----- Data for this task

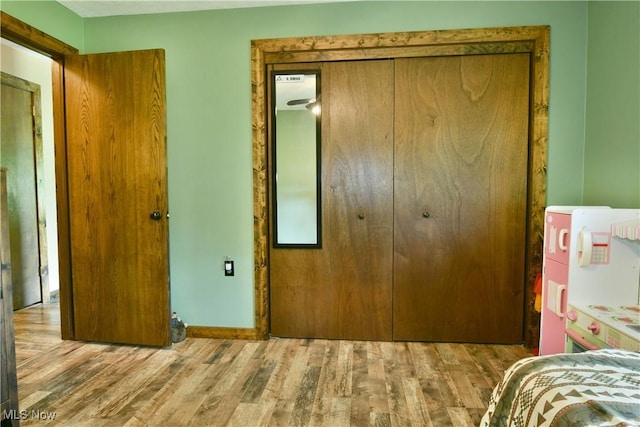 6416 Wilson Sharpsville Rd, Fowler, OH 44418 - bedroom with wood finished floors, a closet, and baseboards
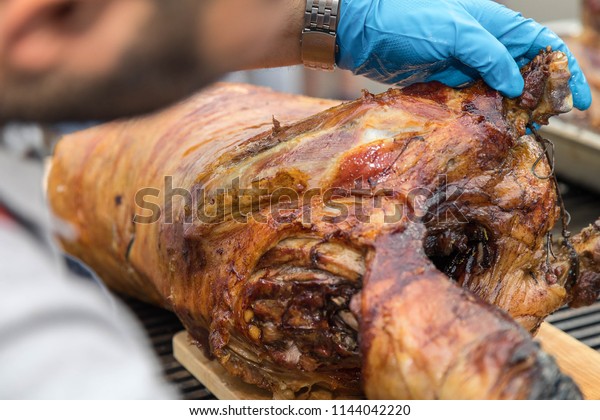  Cutting the\
mutton hulk fried on a grill for the Uzbek pilaf. Male hands keep a\
knife in gloves and cut meat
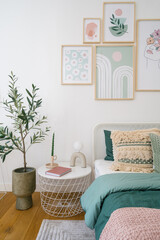 Stylish bedroom featuring modern decor and vibrant plant arrangements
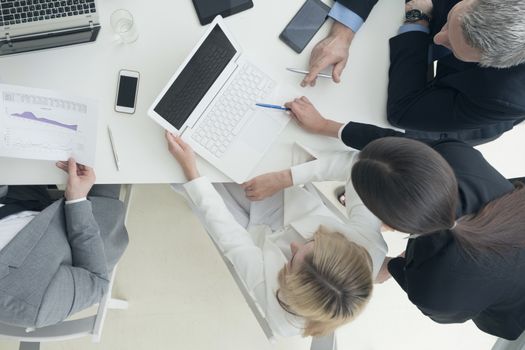 Business people brainstorming at office desk, analyzing financial reports and working with laptops and tablets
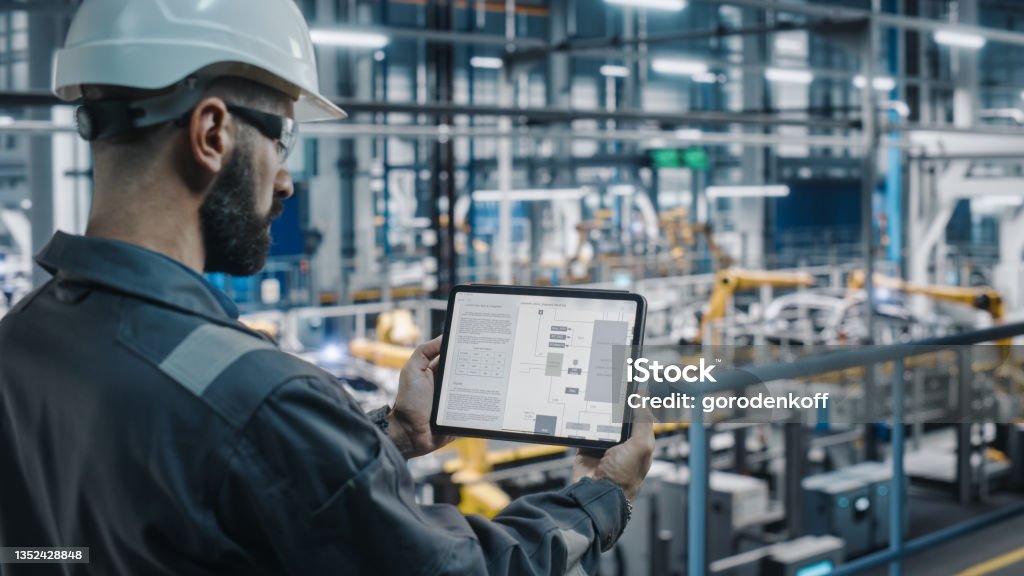 Mechanic checks car undercarriage in GMG-compliant noise-controlled workshop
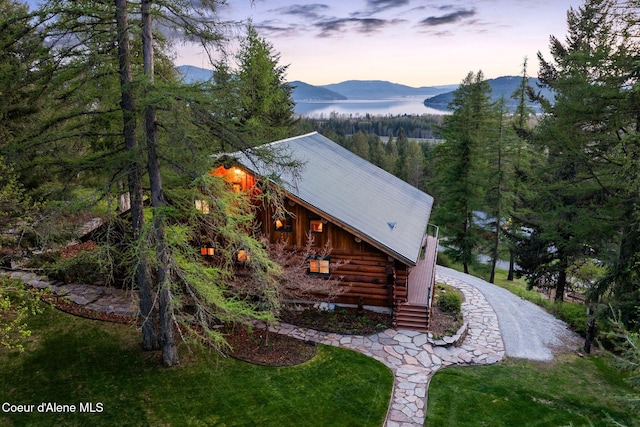 view of side of property featuring metal roof, a lawn, a wooded view, log exterior, and a mountain view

----------

§ Task item: Your reply must contain each entry exactly as written and no pictures.

§ Exercise answer:
 6416 Wilson Sharpsville Rd, Fowler, OH 44418 - bedroom with wood finished floors, a closet, and baseboards
  Cutting the\
mutton hulk fried on a grill for the Uzbek pilaf. Male hands keep a\
knife in gloves and cut meat
 Stylish bedroom featuring modern decor and vibrant plant arrangements
 Business people brainstorming at office desk, analyzing financial reports and working with laptops and tablets
 Mechanic checks car undercarriage in GMG-compliant noise-controlled workshop
 view of side of property featuring metal roof, a lawn, a wooded view, log exterior, and a mountain view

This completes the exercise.